Pursuant to Civil Code section 1794, subdivision (c), if a purchaser of a vehicle establishes that the failure to comply with the provisions of the Song-Beverly Consumer Warranty act was willful, the judgment may include a civil penalty not to exceed two times the amount of actual damages. A violation is not considered “willful” if “the defendant’s failure to replace or refund was the result of a good faith and reasonable belief that facts imposing the statutory obligation were not present.” (Kwan v. Mercedes-Benz of North America, Inc. (1994) 23 Cal.App.4th 174, 185 [e.g. manufacturer reasonably believed that product conformed to warranty].) Among the factors to be considered are: (1) whether the manufacturer knew the vehicle had not been repaired within a reasonable period or after a reasonable number of attempts, and (2) whether the manufacturer has a policy on the requirement to repair or replace. (Jensen v. BMW of North America (1995) 35 Cal.App.4th 112, 136.) While testimony concerning the corporate policies for repair and repurchase of vehicles does not appear to be relevant to Defendant’s liability for any specific defect in the subject vehicle or for failing to repair or repurchase, it may constitute circumstantial evidence of willfulness.
With regard to the remaining matters, testimony concerning all of them might reasonably assist Plaintiff in evaluating her case, preparing for trial, or facilitating settlement. Information concerning warranty claims, repairs, documents of investigations, and Defendant’s communications regarding her vehicle would allow her to determine whether Defendant improperly refused to repurchase her vehicle or refund her payments. Recalls and technical service bulletins would allow Plaintiff to establish that her vehicle was defective when purchased. Testimony concerning documents reviewed by the deponent in preparation for the deposition, documents produced, and documents Defendant could not or would not produce, could lead to the discovery of additional evidence in support of Plaintiff’s claims.

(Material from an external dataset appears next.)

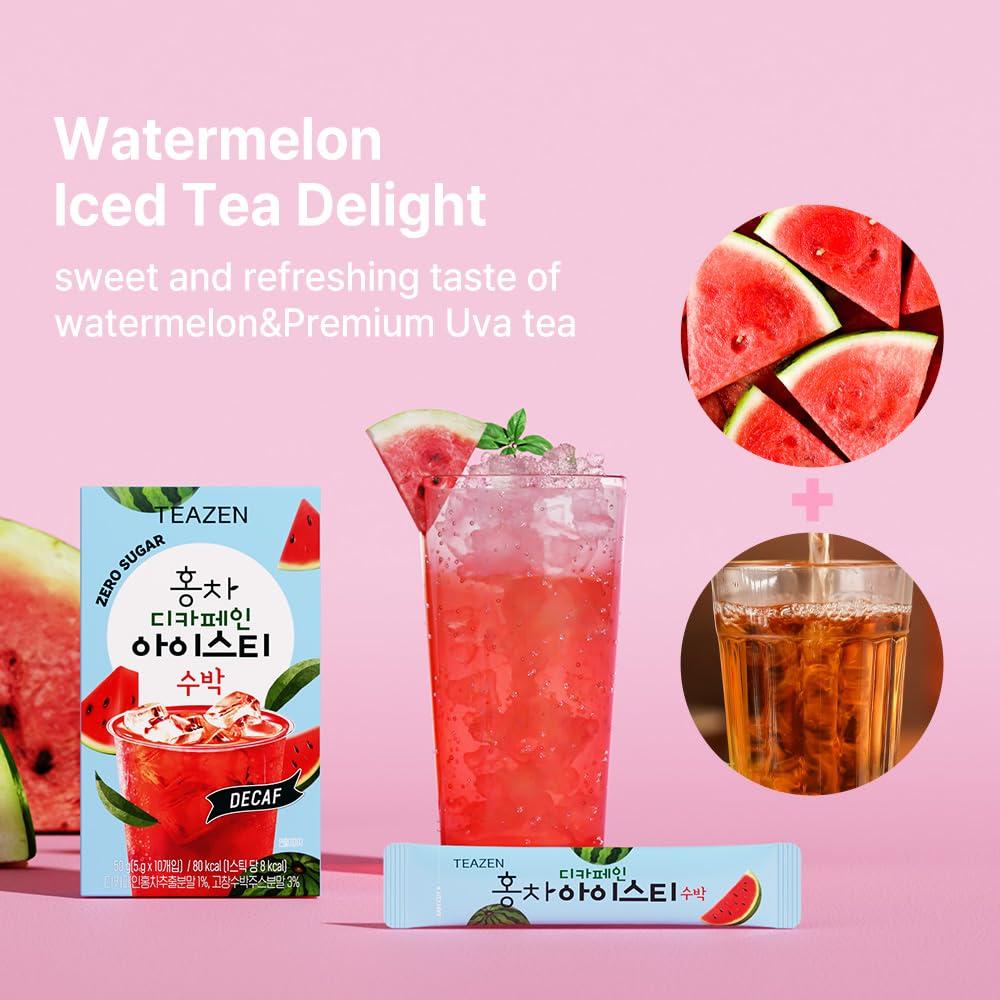 TEAZEN Teazen Summer Watermelon Iced Tea, Sugar Free, Uva Black Tea, Hydration Drink Mix, Decaf, 10 Sticks, 1.76oz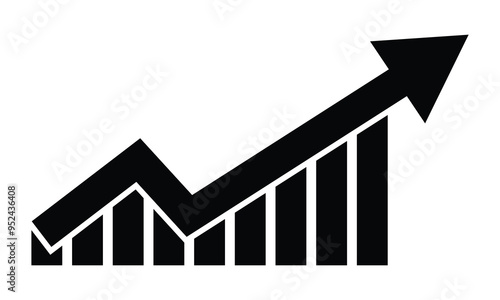 Growth arrow. Growing graph icons graph sign. Growth success black arrow icon on white background. Isolated vector icon illustration.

Accordingly, Plaintiff’s objections to the matters described in the notice of deposition on the ground of relevance are OVERRULED.
(b) Undue Burden
Next, Defendant contends that testimony concerning all of the matters at issue would be unduly burdensome. “[S]ome burden is inherent in all demands for discovery.” (West Pico Furniture Co. v. Superior Court (1961) 56 Cal.2d 407, 418.) A party claiming that requested discovery is unduly burdensome must make a particularized showing of facts demonstrating hardship. (Id. at pp. 417-418.) In ruling on the objection, the court should balance the purpose and need for the information against the burden that production entails, including costs. (Ibid.) Defendant makes no particularized showing of facts demonstrating the hardship production of its PMQ for deposition would entail. Therefore, Plaintiff’s objections to the matters described in the notice of deposition on the ground of undue burden are OVERRULED.
3. Conclusion
Based on the foregoing, all objections to the matters described in the notice of deposition are overruled. Therefore, the production of Defendant’s PMQ for deposition is warranted, assuming that there is good cause to extend the discovery cut-off date to be discussed below in Section C.
B. Motion to Compel Attendant Production of Documents
Plaintiff also moves to compel the production of documents responsive to the notice of deposition. In its opposition, Defendant contends that the documents are irrelevant and production would be unduly burdensome.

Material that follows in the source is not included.